The collateral has demonstrated an upward trend in cash flow since the sponsor's acquisition in 2010, which parallels the U.S. lodging industry's performance over the same time period. As of trailing twelve month (TTM) September 2015, occupancy reported at 73.69%, average daily rate (ADR) reported at $61.34, and revenue per available room (RevPAR) at $45.20. This compares with the year-end (YE) December 2014 at 74.26% occupancy, $57.96 ADR, and $43.04 RevPAR. Net cash flow (NCF) debt service coverage ratio (DSCR) improved to 6.50x for TTM September 2015, compared to 5.69x at YE December 2014 and 5.34x at YE December 2013.

RATING SENSITIVITIES

The Rating Outlooks on classes A-1-7, A-2-7, and B-5 are Stable and reflect the stable to improving performance of the portfolio, the class positions in the capital structure, and sufficient credit enhancement to withstand losses.

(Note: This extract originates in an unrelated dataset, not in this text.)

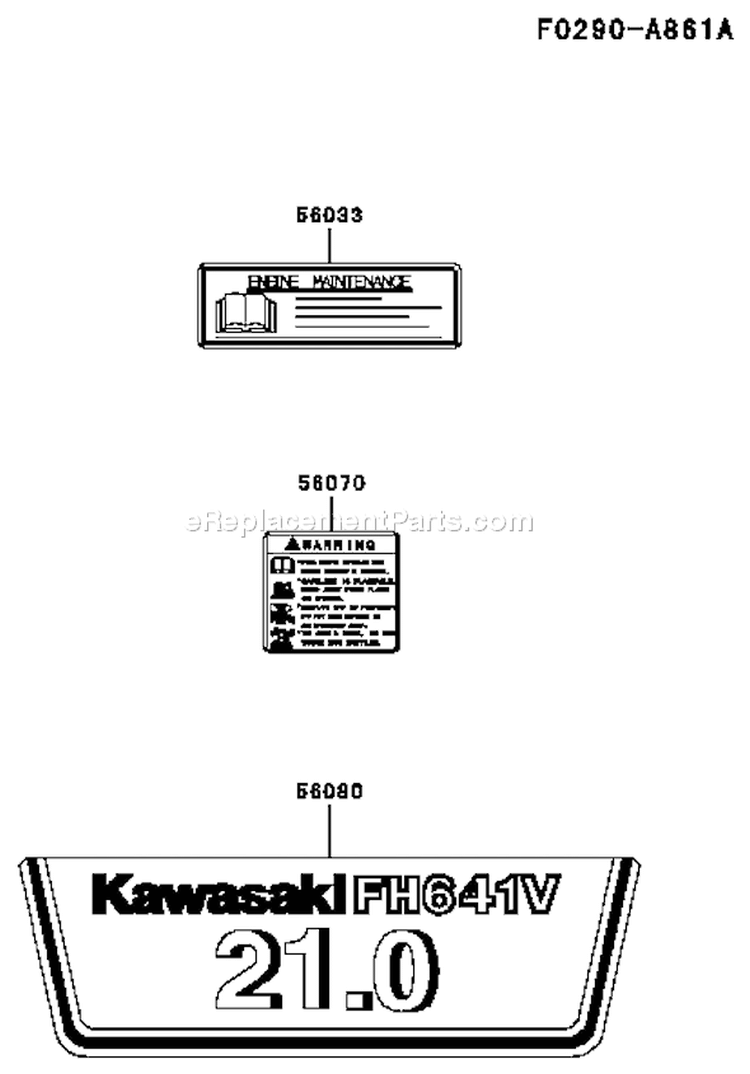 Page H Diagram and Parts List for FH641V BS13 Kawasaki Engine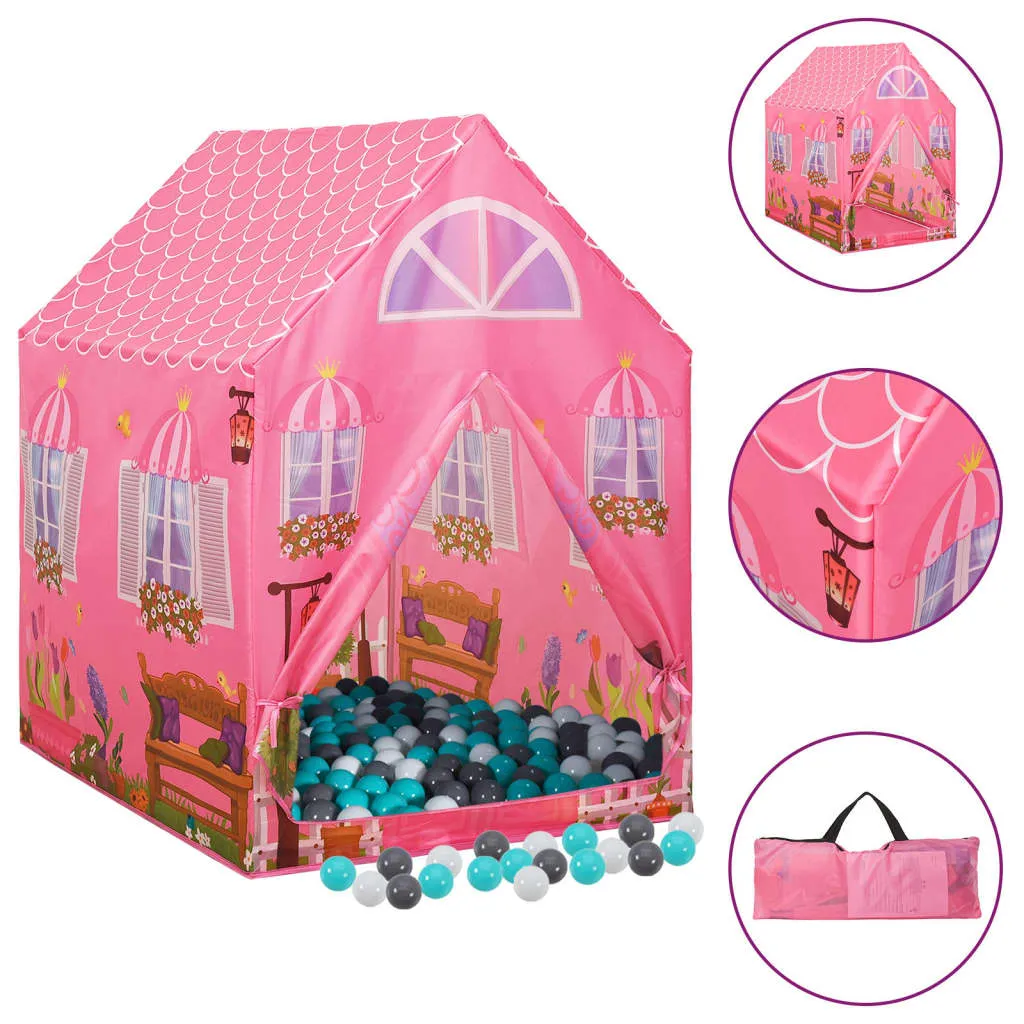 vidaXL Tenda da Gioco per Bambini Rosa con 250 Palline 69x94x104 cm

The Positive Outlooks on classes B-7 through D-7 reflects the potential for future upgrades should portfolio performance continue to improve, market fundamentals remain stable, and net cash flows are considered sustainable over the course of the loan term.

DUE DILIGENCE USAGE

No third party due diligence was provided or reviewed in relation to this rating action.

Fitch has upgraded the following ratings:
--$62.0 million class B-5 to 'AAAsf' from 'AA-sf'; Outlook Stable;
--$325.0 million class B-7 to 'AAsf' from 'AA-sf'; Outlook Positive from Stable;
--$52.0 million class C-5 to 'Asf' from 'A-sf'; Outlook Positive from Stable;
--$269.0 million class C-7 to 'Asf' from 'A-sf'; Outlook Positive from Stable;
--$54.0 million class D-5 to 'BBBsf' from 'BBB-sf'; Outlook Positive from Stabel;
--$280.0 million class D-7 to 'BBBsf' from 'BBB-sf'; Outlook Positive from Stable;
--$61.5 million class X-1-5 to 'AAAsf' from 'AA-sf'; Outlook Stable;
--$61.5 million class X-2-5 to 'AAAsf' from 'AA-sf'; Outlook Stable.

Fitch has affirmed the following ratings:
-- $157.5 million class A-1-7 at 'AAAsf'; Outlook Stable;
-- $788.5 million class A-2-7 at 'AAAsf'; Outlook Stable;
-- $157.5 million class X-A-7 at 'AAAsf'; Outlook Stable;
-- $688.4 million class X-1-7 at 'AAAsf'; Outlook Stable;
-- $688.4 million class X-2-7 at 'AAAsf'; Outlook Stable;

The class A-1FL, A-1-5, A-2FL, A-2-5, B-FL, C-FL, D-FL, X-A-5, X-1FL, and X-2FL certificates have paid in full.